Christian meditation is different than worldly meditation. Ungodly
meditation seeks to empty the mind. This is what you'll see
in the Eastern religions. Empty the mind, that's not meditation
biblically. That's dangerous. Biblical meditation
is to fill the mind with the scriptures. To fill the mind
with the truth. To do as Paul says in Philippians
4.8, whatsoever things are true, pure, lovely, let your mind dwell
on these things. Keep turning these things over
in your mind. That's what meditation is. In
the Old Testament, it's various words used to describe meditation. Things like to talk real lowly
is one of them. To converse with yourself is
another one. Talking to yourself, the scriptures.
Talking, you know, some kind of, when you're, you may not
do this, but I'll sometimes find myself doing this, you know,
like, what was the list that Patty gave me to do? It's number
one, two, and I'll be, you know, do it like that. and sometimes
I find myself talking out loud. Well anyway that's essentially
one of the words for meditate it means that to take the scriptures
and be talking them through and applying them and what does this
mean in my life how does this apply to me? Well so what James
is saying if we're going to be miserable mourn and weep let
our laughter be turned to crying and our joy to gloom, what's
gonna have to happen is we've gotta meditate about our sin the way
God sees it. We have to see our sin clearly
and rightly, it's gonna require meditation. And there's two then
ways that we need to do that. There's two sub points. The pathway
to brokenness, seeing our sins, the main point, but the two sub
points. To see our sin for what it is,
is the first sub point. And secondly, we'll see, to see
our sin for what it does. To see our sin for what it is.
James, here in the passage, helps us to begin to see our sin for
what it is. I mean, he's saying that the reason we have conflicts
is because we have problems in our heart, that we want things,
and that's in our hearts that are leading us to do things that
are hurtful. says you have quarrels and conflicts
we said they could be translated wars and battles the Hebrew word
I mean the Greek words wars and battles and this is what you're
doing we're warring and battling so my conflict is is not frustration
it's not that I I'm a little irritable And that's one way
of describing it, that's a very self-protective way of describing
it. If I want to be biblical, I want
to call it what God calls it, I have a heart that is warring
and battling people around me. So I see sin for what it is.
It's warring, it's battling, it's murdering. And to stop and reflect on that
has power, doesn't it? It's not that I'm surrounded
by people that are just difficult and I'm doing the best I can,
I'm really doing pretty good and I haven't gotten angry that
much. I said something then but you don't think about the 10
times I didn't say something. We think like that. God says the one time that you
did say something was you were warring and you were battling
and the reason was because you weren't dealing with the sin
in your heart. that was there the other nine times you didn't
say something. Because you had hostility in your heart, which
is another thing that we see. So he says sin isn't just warring
and battling, it's lusting, it's envying, it's seeking pleasures,
it's being controlled by our pleasures. That's what James
is saying. The reason you're murdering is because you're lusting
and you don't get. So you're being controlled by
a lust. You're being controlled by a desire to have something. Your desires are controlling
you. Even saying that starts to help me hate the sin more.

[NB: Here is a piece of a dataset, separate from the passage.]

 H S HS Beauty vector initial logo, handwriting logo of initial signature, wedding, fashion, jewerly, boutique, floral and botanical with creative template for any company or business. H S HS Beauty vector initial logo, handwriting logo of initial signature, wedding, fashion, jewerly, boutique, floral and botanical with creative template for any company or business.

I'm being controlled by something else other than me. What am I
doing? This is stupid. This is crazy. and these lusts, pleasures, envy,
those are the words that the NASB uses, is not the source
your pleasures that wage war in your members, your pleasures,
you lust and do not have, you're envious and cannot obtain, so
these words of the heart. So we begin to say I want things, either that I shouldn't want,
or I want things that I maybe should want, but I want it too
much, so that I'm willing to sin when I don't get it. And I need to call it that, see
sin for what it is, and I need to meditate on that. Lord, help
me see this the way, and this is why we go to God for it. We
go to God, Lord, here I am, and I'm having conflicts, and I don't
wanna be this way, and I know I need to come to you for cleansing,
my hands and my heart, and I want you to do that. And I wanna mourn
over my sin, help me. And so, meditation is thinking
about the scriptures, it's praying, but it's really thinking about
the scriptures in the presence of God. It's talking to yourself with
the Lord. I mean, to me, that's the most effective meditation
in my life, is I'll be talking about, I'll be thinking about
the scriptures, and I'll be asking the Lord, Lord, help me understand,
how does this apply? And I'll be talking to myself
some, too. I mean, it's so stupid for you
to do that. Lord, help me with this. You
see, it's like this dialogue going on. Turning it over, how
does this apply? How am I guilty of this? Show
me, Lord, open my eyes. So we see our sin for what it
is, That's the pathway to brokenness. Meditating on our sin for what
it is, but then second sub-point under the pathway to brokenness is to see our sin for what it
does. And we have some things here
that James helps us with. But I want us to think about
this, see our sin for what it does under three headings. So the
second sub-point has three sub-sub-points. To be one. For what it does to
myself. We wanna see if our sin for what
it does, we're gonna say to myself, to others, to God. It's a helpful
way to think about the impact of sin and what it does. What
does it do to me? What does it do to others? What
does it do to the Lord, most importantly? So, what does it do to me? What
are these things doing to me? Well, 1 Peter 2, 11 says it,
abstain from fleshly lusts which war against the soul. So when
I am controlled by fleshly lusts, when I'm letting lusts, desires,
even for good things that I'm desiring too much, when I'm wanting
it too much, it is warring against my soul. It is damaging my inner
man, hurting me. It is insanity. I'm hurting myself. I'm taking in that which is doing
destructive harm to my soul. How does it affect others? See
the damage that sin does to others. He's talked about wars, battles,
murder. Think about that. When we get
angry and we say something unkind, we speak down to someone, we're
sarcastic, there's a murderous intent in our heart and that
intent goes out and that does damage. The word is corrupting. This is why what Paul's talking
about, Ephesians 4, 29, when he says, let no unwholesome speech
proceed from your mouth. Only such a word is as good for
edification. He said unwholesome is corrupting and tears down.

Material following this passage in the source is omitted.